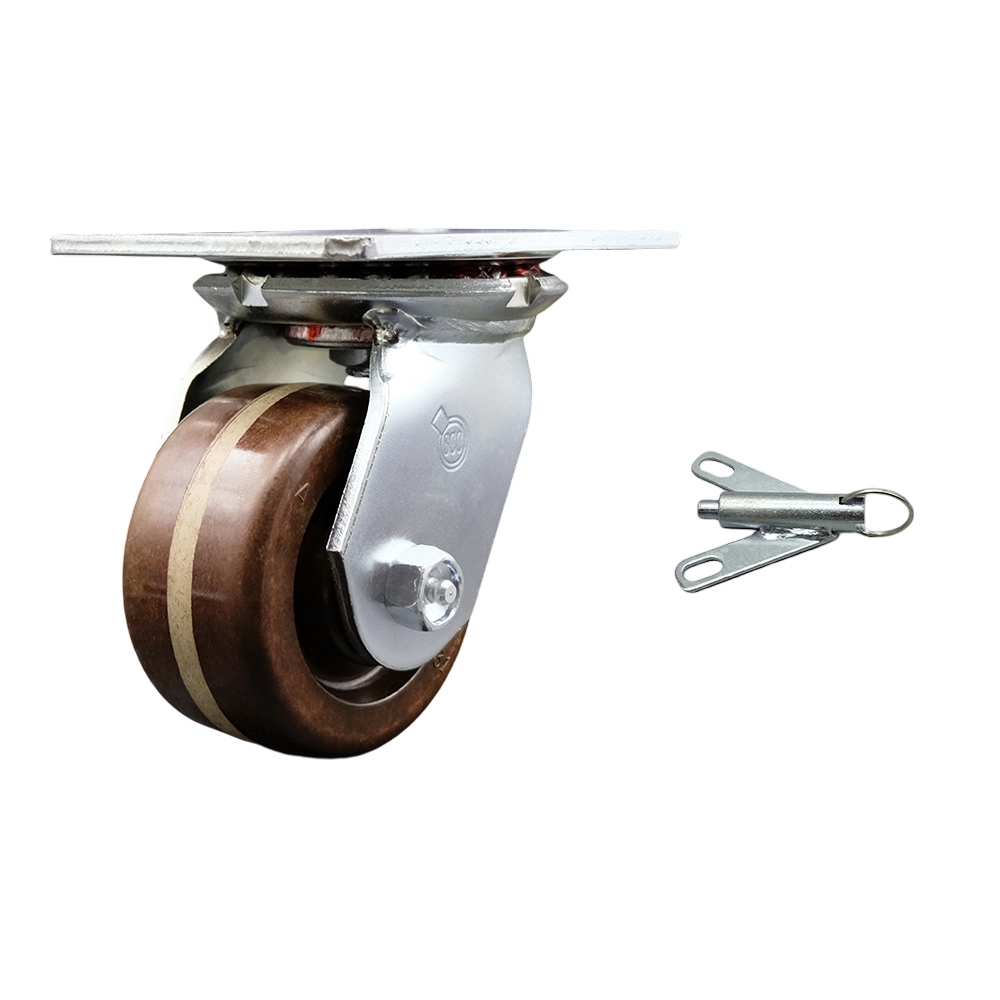 Heavy Duty Large Top Plate High Temperature Phenolic Swivel Caster w/4" x 2" Brown Wheel & Bolt on Swivel Lock - 800 lbs Capacity/Caster - Service Caster Brand — photo 1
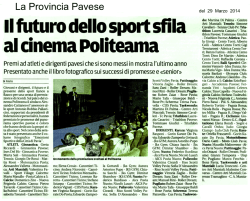 Il futuro dello sport sfila al cinema Politeama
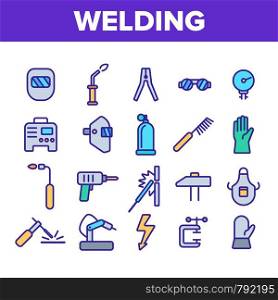 Welding Equipment Linear Icons Vector Set. Construction, Welding, Brazing Tools, Stuff Thin Line Icons Collection. Welders Instruments, Protective Gear. Manufacturing Isolated Outline Symbols. Welding Equipment Linear Icons Vector Set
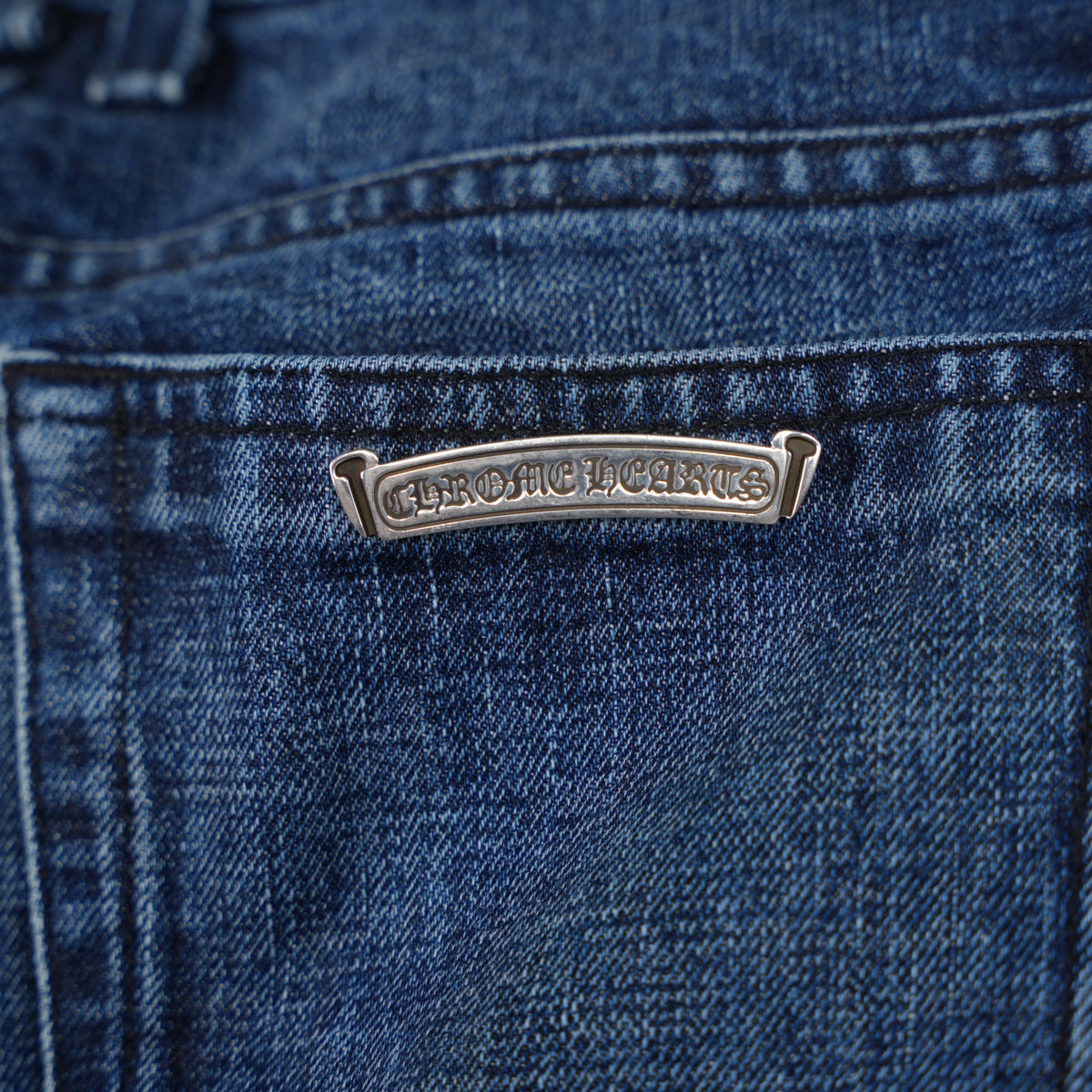 CHROME HEARTS RS INDIGO BLUE SELVEDGE DENIM PANTS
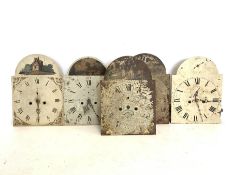 Five 19th century white painted enamel longcase clock dials and movements,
..........
# DIRECTIONS
Copy the listing word for word, excluding its pictures.

# ANSWER SPACE
 Heavy Duty Large Top Plate High Temperature Phenolic Swivel Caster w/4" x 2" Brown Wheel & Bolt on Swivel Lock - 800 lbs Capacity/Caster - Service Caster Brand — photo 1
 Il futuro dello sport sfila al cinema Politeama
 Welding Equipment Linear Icons Vector Set. Construction, Welding, Brazing Tools, Stuff Thin Line Icons Collection. Welders Instruments, Protective Gear. Manufacturing Isolated Outline Symbols. Welding Equipment Linear Icons Vector Set
 CHROME HEARTS RS INDIGO BLUE SELVEDGE DENIM PANTS
 Five 19th century white painted enamel longcase clock dials and movements,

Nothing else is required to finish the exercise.